EVERETT — For more than 19 years he was the focus of their pain and fear.
He was the faceless specter in nightmares, the reason for making sure all the doors were locked tight.
He wrung the joy from Sunday dinner gatherings, from camping trips along the river.
When Patti Berry’s family would come together, the loss and unanswered questions were always right there, Snohomish County Superior Court Judge Bruce Weiss was told Wednesday.
Would the person who ended her life at 26 ever be identified? Would he be held to account for the 1995 killing?
A jury last month found Danny Ross Giles guilty of first-degree murder in Berry’s killing. It was a conviction built on persistence and DNA tests and the lies Giles told to distance himself after being confronted by cold-case detectives.
On Wednesday, members of the slain Arlington woman’s large family urged the judge to send the serial sex offender to prison for as long as possible, to spare others the same kind of hurt.
It’s “time for Dan Giles’ life of crime to be over,” said Lisa Berry, the slain woman’s older sister.
Weiss sentenced Giles to 47.5 years behind bars, the maximum under state guidelines.
The judge noted that Berry was stabbed up to 18 times, mostly in the neck and face. He called it “a brutal, savage, unprovoked attack on a defenseless mother.”
Berry ran into her killer on the way home from her job working as a dancer at Honey’s, a nude nightclub that used to be along Highway 99, south of Everett. She left behind a daughter, then just 2.
On Wednesday, that young woman walked to the front of the courtroom to comfort her grandmother, Nancy Stensrud, as she struggled through tears to tell the judge what it has been like during the long years seeking justice for her daughter.
Jessica Berry is now in her early 20s. She told Weiss that she didn’t have the chance to get to know her mother. She urged him to send the killer away.
“I want all of this to be put to rest,” she said.
Giles, 46, still faces an April murder trial for the May 1995 disappearance and presumed death of Tracey Brazzel.

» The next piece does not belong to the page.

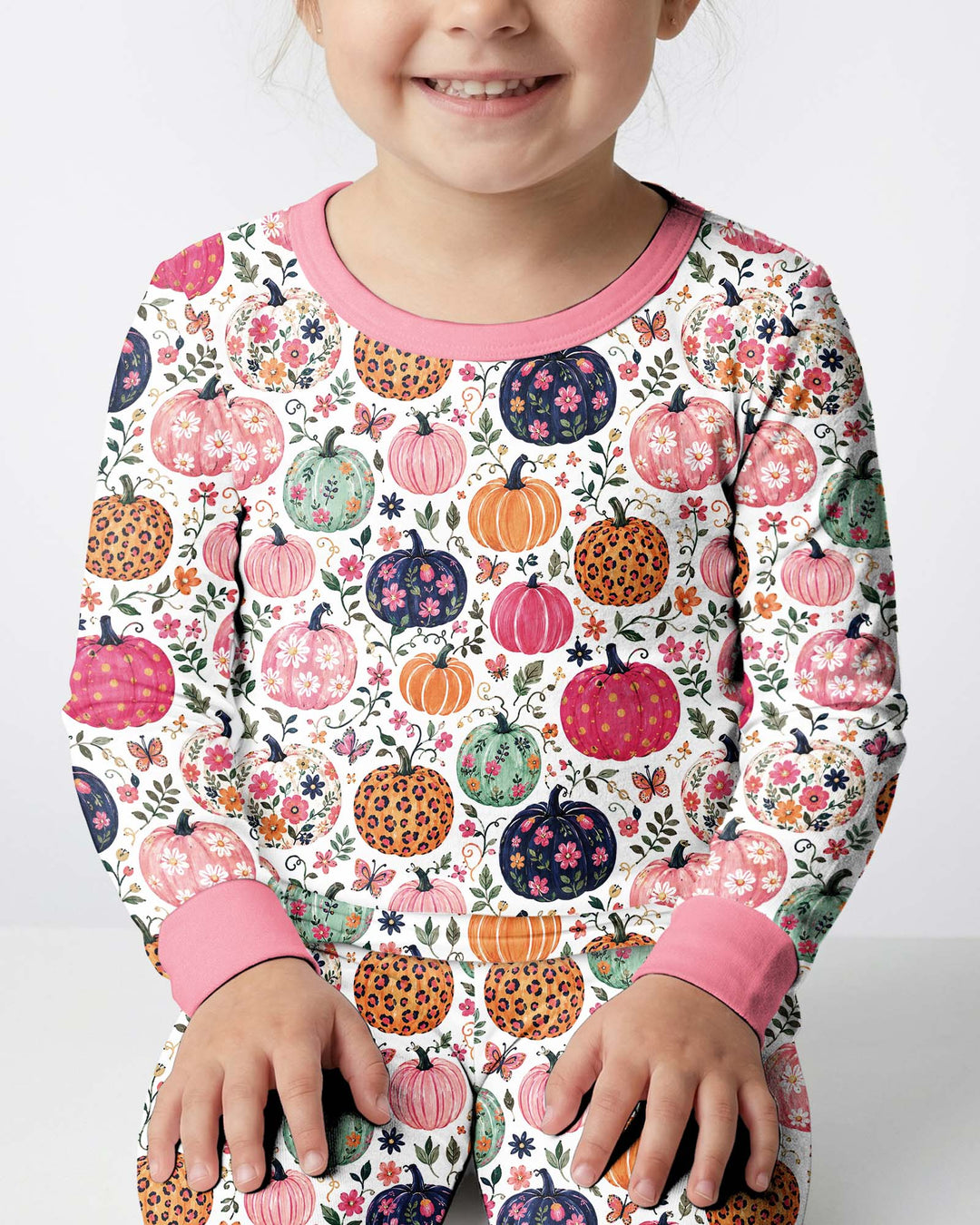 Floral Pumpkin Bamboo Two Piece Long Sleeve Pajama Set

His DNA reportedly was found on Brazzel’s car. He also allegedly admitted to being in the 22-year-old woman’s Lynnwood apartment.
Weiss had severed the two cases, forcing prosecutors to try them separately. The judge said he knew that Giles would be appealing his conviction, but he stood by his decisions.
Public defenders Neal Friedman and Linda Coburn, remain convinced of his innocence, the judge was told.
They offered Giles a spirited defense to the Berry murder charge, attempting to convince jurors the investigation was flawed by police missteps, including a rush to judgment after tests in 2008 turned up Giles’ DNA on the steering wheel of the car where Berry bled to death.
The steering wheel had been removed, secured and packed away within days of the 1995 killing. Years later, cold-case detective Jim Scharf asked that it be examined using forensic techniques that weren’t available when Berry was murdered.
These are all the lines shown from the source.